■ TASK DESCRIPTION:
Look through the material below. Return exactly the lines from the one with "Lean Misconceptions" through the one with "The Hour: Series 1, Blu-ray BluRay The", both included.

■ DATA SECTION:
=== Section Start ===
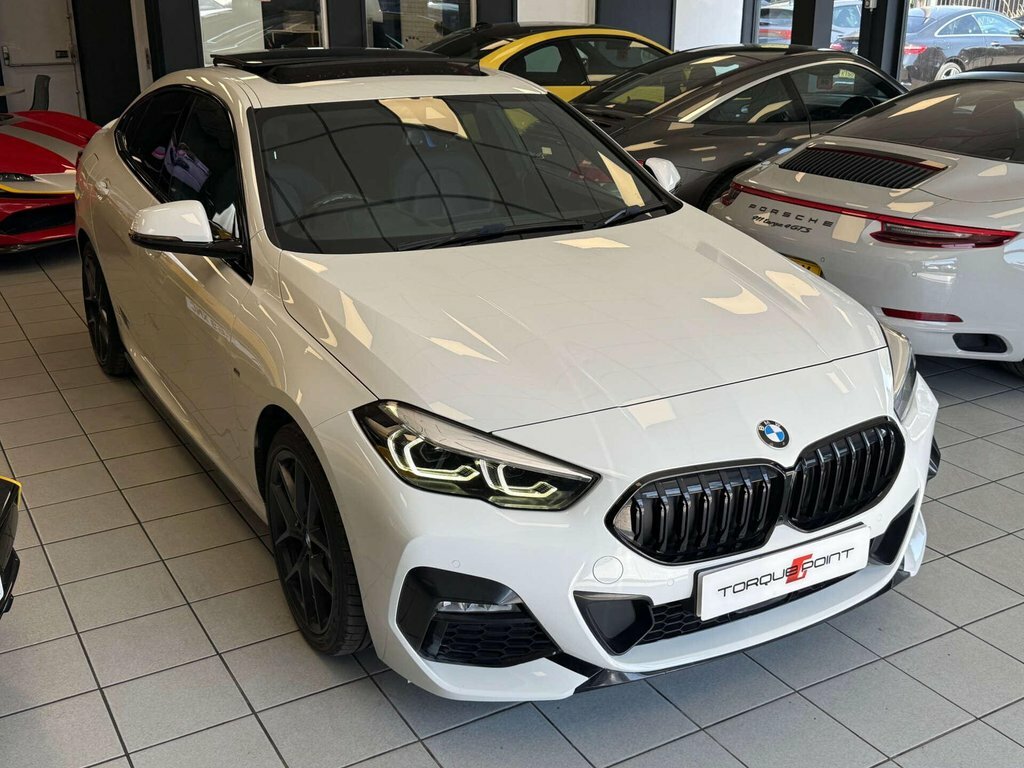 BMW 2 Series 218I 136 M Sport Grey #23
=== Section End ===
=== Section Start ===
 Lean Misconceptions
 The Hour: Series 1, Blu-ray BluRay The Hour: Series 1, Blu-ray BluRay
=== Section End ===
■ SOLUTION TO THIS EXERCISE:
 Lean Misconceptions
 The Hour: Series 1, Blu-ray BluRay The Hour: Series 1, Blu-ray BluRay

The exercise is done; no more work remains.